Daily Scripture:  Romans 8:12-14 So don’t you see that we don’t owe this old do-it-yourself life one red cent. There’s nothing in it for us, nothing at all. The best thing to do is give it a decent burial and get on with your new life. God’s Spirit beckons. There are things to do and places to go!
15-17 This resurrection life you received from God is not a timid, grave-tending life. It’s adventurously expectant, greeting God with a childlike “What’s next, Papa?” God’s Spirit touches our spirits and confirms who we really are. We know who he is, and we know who we are: Father and children. And we know we are going to get what’s coming to us—an unbelievable inheritance! We go through exactly what Christ goes through. If we go through the hard times with him, then we’re certainly going to go through the good times with him!
Reflection Questions:
Earlier in Romans, Paul drew images from criminal law, from the realm of accounting, and even from the laws governing death and inheritance. In these verses, he turned to the realm of the family to capture the essence of the community of grace God is creating. We are sons and daughters of God, adopted into God's family. We are heirs, right along with Christ. As such, we are brothers and sisters to one another—"family" in the best sense of the word.
Members of a military unit who've been through a lot together may refer to themselves as a "band of brothers." What do those words signal about their bond with each other? As you claim your identity as a new person in Christ, and view others through a Spirit-enhanced "lens," how is that transforming your relationships at home, at work, in your community and at church?
In verse 15, Paul contrasted "a spirit of slavery to lead you back again into fear" with God's loving adoption of us as sons and daughters. What factors have shaped your view of God as either a person we serve out of fear, or as a loving parent who wants what is best for us? If your life experience filled the word "father" with negative overtones, what images and relationships help you accept that God is love?
Today's Prayer:
God, I'm filled with awe that you really want me as a member of your family, as one of your beloved "kids." Help me to live in love and gratitude as a loyal family member. Amen.
Insight from Chris Folmsbee
Chris Folmsbee is Resurrection’s Director of Discipleship Ministries.  He is the author of several books, with an extensive background in applying principles of spiritual growth to real life. He, his wife Gina and their family have been attending Resurrection since 2008.

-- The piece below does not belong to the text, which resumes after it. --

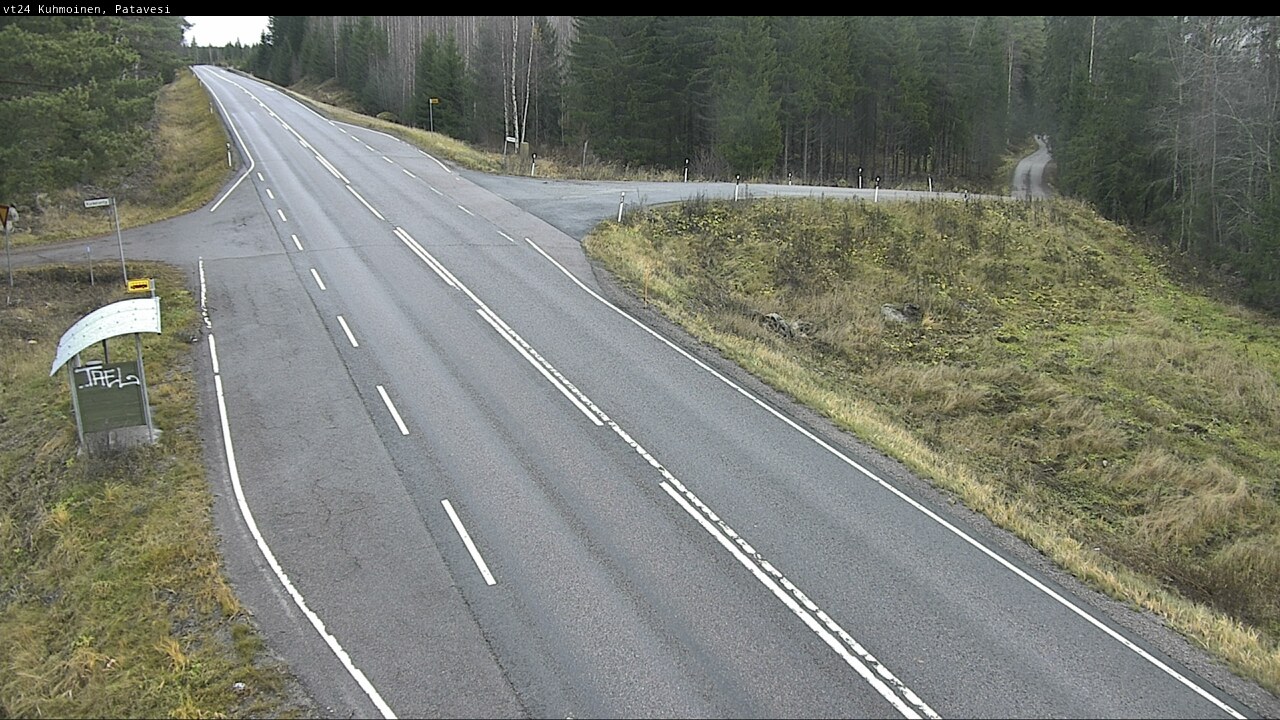 Kelikamerat Kuva Tie 24 Kuhmoinen, Patavesi, Kuhmoinen, Pirkanmaa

Late in my high school years I developed a friendship with a classmate who had recently moved into our community and began attending our school. He had moved around a lot, living in and out of New York City and splitting his time in what were called “Fresh-air Farms.” Fresh-air farms were farms in upstate NY where families would choose to receive a teenager or two from the inner city of NY. Sometimes the teens were placed in homes as a last resort due to juvenile mischief and even criminal activity. These families received other teens due to the state run foster care program, and still others due to tragic events such as the death or incarceration of parents.
I remember as a teen having mixed feelings about the fresh-air program. While our family never hosted a teen in the program we knew families in our church that did. I was never quite sure if the program worked until one day when this new friend of mine and I were in a conversation and I asked him, “So what is it like being a “fresh-air” kid?” “Are you kidding me?” my friend responded. “I absolutely love it. It’s like I get to start all over again. I’ve been accepted by a new family.” I don’t recall all of his exact words, but it went something like this, “They clothe me. They feed me. They give me work to do. They give me a safe place to live and they even take me on vacation with them! And the greatest part of all of it is they chose me to live with them even when they didn’t have to.”
This is what it is like to be adopted as sons and daughters of God. God has chosen, out of God’s very nature of permanent love, to receive us just as we are. Our reading from Romans 8:12-17 today makes it very clear that God has received us to be a part of God’s family. In this acceptance of us God gives us a new family narrative to live. In God’s expression of love we are redeemed out of the broken human family of oppression and waywardness, and received into a family of grace marked by freedom and righteousness. Through joining together with Christ we are received and given the responsibility and privilege to live faithfully and fruitfully into this new family, waiting the day when God’s blessing reaches its fullness.
If you were asked, in what ways would you describe your thankfulness for being adopted into God’s family as a son or daughter? In what ways are you presently living into your life changing adoption as a child of God? What three words would you use to describe your daily interactions with your Christian “brothers and sisters”?